Tercero, acepta ofertas de pequeña amabilidad. Cuando alguien te traiga una taza de agua, ajuste tu almohada o simplemente se siente contigo, recíbela por completo. En esa recepción, la alegría se duplica: existe tanto en el gesto como en tu apreciación por él.
Por último, compártelas. Cuéntale a tu enfermera lo del gorrión. Señala la hermosa puesta de sol a tu visitante. Cuando expresamos estas pequeñas alegrías, no solo las validamos para nosotros mismos, sino que también invitamos a otros a ese momento de gracia. Se convierte en un secreto compartido, una pequeña luz en una habitación tenue.
No voy a fingir que notar un rayo de sol facilita la quimioterapia, ni que el agua caliente elimina el dolor. No es así. Pero estos fragmentos de belleza y confort hacen otra cosa: resaltan la monotonía. Ofrecen breves respiros en los que no eres solo un paciente, sino una persona—una persona que aún puede sentir asombro, que aún puede ser calentada, que aún puede apreciar algo simple y perfecto.
En la gran narrativa de la sanación, estos momentos son las notas al pie. Pero a veces, son las notas al pie las que contienen más verdad. Nos recuerdan que incluso en los capítulos más difíciles hay frases que merece la pena subrayar. Todavía hay luz. Todavía hay calor. Y a veces, eso es suficiente para pasar a la siguiente página.
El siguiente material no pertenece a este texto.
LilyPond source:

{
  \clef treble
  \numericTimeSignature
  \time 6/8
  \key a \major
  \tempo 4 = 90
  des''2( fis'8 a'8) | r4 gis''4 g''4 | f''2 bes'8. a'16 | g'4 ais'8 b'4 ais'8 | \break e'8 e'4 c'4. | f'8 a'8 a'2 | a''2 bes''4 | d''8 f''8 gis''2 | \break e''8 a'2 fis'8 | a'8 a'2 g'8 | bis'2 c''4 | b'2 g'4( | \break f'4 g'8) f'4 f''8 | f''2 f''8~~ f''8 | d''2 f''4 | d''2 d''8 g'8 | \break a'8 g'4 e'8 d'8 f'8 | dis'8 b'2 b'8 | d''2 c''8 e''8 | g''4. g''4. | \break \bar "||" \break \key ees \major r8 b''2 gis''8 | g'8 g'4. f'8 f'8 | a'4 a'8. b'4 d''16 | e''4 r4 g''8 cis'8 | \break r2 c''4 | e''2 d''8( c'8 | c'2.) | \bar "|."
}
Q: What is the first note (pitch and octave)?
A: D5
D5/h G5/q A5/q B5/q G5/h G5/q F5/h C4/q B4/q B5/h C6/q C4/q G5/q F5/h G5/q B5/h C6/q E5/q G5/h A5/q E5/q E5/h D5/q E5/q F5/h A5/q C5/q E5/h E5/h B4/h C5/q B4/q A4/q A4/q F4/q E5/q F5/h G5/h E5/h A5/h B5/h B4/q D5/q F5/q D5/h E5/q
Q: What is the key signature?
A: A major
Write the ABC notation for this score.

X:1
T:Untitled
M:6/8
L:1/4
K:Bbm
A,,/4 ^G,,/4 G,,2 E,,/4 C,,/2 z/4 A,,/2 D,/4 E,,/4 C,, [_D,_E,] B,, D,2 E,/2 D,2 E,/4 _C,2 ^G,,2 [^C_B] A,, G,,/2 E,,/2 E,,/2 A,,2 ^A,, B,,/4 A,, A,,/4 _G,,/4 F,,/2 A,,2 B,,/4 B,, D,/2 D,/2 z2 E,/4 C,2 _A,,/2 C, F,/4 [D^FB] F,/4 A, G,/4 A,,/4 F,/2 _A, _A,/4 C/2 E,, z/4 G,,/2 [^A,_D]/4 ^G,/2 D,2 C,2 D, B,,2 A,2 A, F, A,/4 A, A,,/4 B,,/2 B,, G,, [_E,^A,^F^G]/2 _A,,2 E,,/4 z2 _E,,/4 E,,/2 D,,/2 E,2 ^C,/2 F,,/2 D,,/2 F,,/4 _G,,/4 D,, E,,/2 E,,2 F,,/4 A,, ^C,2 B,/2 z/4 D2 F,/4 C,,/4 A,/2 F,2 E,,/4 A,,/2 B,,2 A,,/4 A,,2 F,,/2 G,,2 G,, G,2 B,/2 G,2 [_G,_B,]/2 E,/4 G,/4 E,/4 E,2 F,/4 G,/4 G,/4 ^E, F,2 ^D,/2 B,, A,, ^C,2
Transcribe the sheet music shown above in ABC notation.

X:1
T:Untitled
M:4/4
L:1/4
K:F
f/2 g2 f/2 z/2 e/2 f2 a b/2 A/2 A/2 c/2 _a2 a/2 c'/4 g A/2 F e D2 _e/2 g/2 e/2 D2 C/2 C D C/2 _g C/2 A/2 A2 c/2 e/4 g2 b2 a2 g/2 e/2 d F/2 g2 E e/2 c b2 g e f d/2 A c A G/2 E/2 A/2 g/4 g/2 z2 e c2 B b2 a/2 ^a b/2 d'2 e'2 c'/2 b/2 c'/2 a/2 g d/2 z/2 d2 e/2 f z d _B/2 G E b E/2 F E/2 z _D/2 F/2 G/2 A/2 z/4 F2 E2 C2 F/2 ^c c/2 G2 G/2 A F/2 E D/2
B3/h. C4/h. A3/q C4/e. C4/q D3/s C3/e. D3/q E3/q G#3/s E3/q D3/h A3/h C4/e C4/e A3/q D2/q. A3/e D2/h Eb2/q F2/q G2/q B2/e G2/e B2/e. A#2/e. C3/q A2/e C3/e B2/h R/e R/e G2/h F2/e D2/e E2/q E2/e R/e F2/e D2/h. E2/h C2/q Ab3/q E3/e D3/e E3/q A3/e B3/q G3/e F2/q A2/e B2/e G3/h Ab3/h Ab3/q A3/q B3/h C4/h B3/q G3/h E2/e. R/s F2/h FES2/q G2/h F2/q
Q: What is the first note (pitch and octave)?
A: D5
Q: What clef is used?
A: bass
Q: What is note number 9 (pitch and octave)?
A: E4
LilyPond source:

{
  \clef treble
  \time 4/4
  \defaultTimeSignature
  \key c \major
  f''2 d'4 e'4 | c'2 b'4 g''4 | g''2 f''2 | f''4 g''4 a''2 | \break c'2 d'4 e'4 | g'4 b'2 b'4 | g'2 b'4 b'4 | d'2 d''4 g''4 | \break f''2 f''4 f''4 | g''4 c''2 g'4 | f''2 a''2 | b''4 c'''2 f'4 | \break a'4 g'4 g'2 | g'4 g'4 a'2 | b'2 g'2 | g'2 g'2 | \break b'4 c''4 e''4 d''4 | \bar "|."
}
Mientras escribo esto desde mi casa en Portland, tres años en remisión, todavía guardo esa taza del hospital en la estantería de la cocina. No la uso todos los días, pero a veces, en las mañanas difíciles, la lleno de agua caliente y la sostengo, recordando las manos de Elena, la ventana orientada al sur y el arco lento y fiel del sol. El recuerdo de esas pequeñas alegrías es en sí mismo una especie de calidez, una que sigue llegando, incluso ahora.
© Jessica Williams • Publicado en la comunidad CancerCura • Todos los derechos reservados.
Este artículo forma parte de una serie que comparte experiencias personales y pequeños consuelos durante el tratamiento del cáncer.